Title: Mathematical Astronomy Morsels
Author(s): Jean Meeus
Other Info: 6.0" by 9.0", 400 pages, Hardbound, 1.5 lb item wt.
Every time two full moons occur in the same month, pundits in the media take note. They explain that, according to folklore, the rare second one is called a blue moonâwhence the saying, “once in a blue moon.” However, they have got it backwards, says Philip Hiscock of the Folklore and Language Archive, Memorial University of Newfoundland. The fabled blue moon, meaning any rare or unusual occurrence, dates back at least 150 years in the English language. The link to lunar phases in a calendar month is quite recent.
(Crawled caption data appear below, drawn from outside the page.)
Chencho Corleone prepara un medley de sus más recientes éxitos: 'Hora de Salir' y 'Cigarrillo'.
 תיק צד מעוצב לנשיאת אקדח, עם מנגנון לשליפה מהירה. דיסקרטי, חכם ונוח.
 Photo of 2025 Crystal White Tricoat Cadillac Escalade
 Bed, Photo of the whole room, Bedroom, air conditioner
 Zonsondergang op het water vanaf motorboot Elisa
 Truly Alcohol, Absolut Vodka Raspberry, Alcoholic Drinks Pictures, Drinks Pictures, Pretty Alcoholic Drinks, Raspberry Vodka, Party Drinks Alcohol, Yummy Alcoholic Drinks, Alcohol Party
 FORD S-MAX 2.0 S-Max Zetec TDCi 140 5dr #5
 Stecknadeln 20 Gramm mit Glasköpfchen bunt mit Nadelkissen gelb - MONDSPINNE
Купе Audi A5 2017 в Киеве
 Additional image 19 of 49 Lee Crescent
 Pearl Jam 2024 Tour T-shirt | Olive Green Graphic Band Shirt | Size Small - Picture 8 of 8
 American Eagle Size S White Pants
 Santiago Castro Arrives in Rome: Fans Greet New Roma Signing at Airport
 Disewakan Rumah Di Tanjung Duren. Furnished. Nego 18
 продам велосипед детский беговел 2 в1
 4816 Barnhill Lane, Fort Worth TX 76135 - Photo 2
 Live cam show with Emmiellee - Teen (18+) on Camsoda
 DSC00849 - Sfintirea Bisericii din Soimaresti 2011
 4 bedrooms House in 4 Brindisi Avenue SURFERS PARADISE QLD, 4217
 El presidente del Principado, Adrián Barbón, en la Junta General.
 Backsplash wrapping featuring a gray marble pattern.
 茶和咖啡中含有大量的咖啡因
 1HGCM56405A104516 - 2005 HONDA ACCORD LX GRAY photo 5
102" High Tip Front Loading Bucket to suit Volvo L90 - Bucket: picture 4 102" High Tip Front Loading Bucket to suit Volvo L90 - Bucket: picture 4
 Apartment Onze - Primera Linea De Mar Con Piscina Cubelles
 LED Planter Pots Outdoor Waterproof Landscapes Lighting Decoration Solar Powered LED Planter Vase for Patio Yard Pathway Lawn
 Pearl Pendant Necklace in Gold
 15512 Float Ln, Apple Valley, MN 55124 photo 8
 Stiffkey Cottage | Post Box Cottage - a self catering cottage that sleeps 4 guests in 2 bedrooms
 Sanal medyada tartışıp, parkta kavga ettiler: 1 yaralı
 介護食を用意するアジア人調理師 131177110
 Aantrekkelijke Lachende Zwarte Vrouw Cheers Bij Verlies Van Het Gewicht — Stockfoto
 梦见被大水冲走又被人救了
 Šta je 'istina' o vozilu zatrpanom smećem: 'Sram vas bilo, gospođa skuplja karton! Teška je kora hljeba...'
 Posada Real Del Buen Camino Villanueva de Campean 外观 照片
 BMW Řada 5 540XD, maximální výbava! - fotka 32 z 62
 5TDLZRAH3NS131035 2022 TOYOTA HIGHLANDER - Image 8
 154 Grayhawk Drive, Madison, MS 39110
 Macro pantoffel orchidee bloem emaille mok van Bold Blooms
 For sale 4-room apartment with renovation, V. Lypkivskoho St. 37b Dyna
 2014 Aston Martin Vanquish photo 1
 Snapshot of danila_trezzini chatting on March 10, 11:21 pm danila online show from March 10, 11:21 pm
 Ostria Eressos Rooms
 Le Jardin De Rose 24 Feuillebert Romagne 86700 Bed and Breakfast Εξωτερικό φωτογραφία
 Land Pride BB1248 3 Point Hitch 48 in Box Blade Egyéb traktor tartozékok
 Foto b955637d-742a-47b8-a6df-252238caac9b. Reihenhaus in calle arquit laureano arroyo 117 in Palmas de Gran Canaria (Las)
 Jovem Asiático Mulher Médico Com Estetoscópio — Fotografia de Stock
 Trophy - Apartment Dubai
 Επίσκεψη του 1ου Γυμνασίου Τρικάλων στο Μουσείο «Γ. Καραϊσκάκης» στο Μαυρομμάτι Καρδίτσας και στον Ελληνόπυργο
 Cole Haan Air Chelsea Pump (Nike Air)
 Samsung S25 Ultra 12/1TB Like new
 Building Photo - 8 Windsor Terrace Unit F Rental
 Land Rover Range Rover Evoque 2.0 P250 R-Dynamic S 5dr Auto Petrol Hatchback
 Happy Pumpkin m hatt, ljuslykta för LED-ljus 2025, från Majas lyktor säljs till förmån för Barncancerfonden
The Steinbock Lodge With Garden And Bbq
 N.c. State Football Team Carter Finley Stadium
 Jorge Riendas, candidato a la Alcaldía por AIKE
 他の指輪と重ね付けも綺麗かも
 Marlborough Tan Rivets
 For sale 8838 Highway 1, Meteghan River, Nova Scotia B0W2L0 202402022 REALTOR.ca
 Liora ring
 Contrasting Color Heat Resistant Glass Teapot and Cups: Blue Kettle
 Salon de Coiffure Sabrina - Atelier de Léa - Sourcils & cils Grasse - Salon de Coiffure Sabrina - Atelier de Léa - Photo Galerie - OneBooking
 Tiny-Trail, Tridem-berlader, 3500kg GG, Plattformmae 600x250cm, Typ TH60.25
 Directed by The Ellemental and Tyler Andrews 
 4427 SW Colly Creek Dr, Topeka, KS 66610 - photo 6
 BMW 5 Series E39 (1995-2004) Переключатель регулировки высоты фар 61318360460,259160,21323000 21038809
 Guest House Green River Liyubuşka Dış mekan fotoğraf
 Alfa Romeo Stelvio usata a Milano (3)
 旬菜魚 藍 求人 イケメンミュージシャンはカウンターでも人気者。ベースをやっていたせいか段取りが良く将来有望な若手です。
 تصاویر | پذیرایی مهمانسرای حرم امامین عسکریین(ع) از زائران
Hiscock traces it to an obscure children's book published in 1985, followed the next year by a question card in the game of Trivial Pursuit!
Meanwhile, hardly a week goes by in the Internet's astronomy areas without a total novice dropping in to ask, “What about the alignment of planets coming in May of the year 2000? Are we in danger of a tidal wave or a massive earthquake?” A replay seems brewing of the public alarm over the supposed syzygy of 1982 March 10, widely touted as something that occurs once every 179 years.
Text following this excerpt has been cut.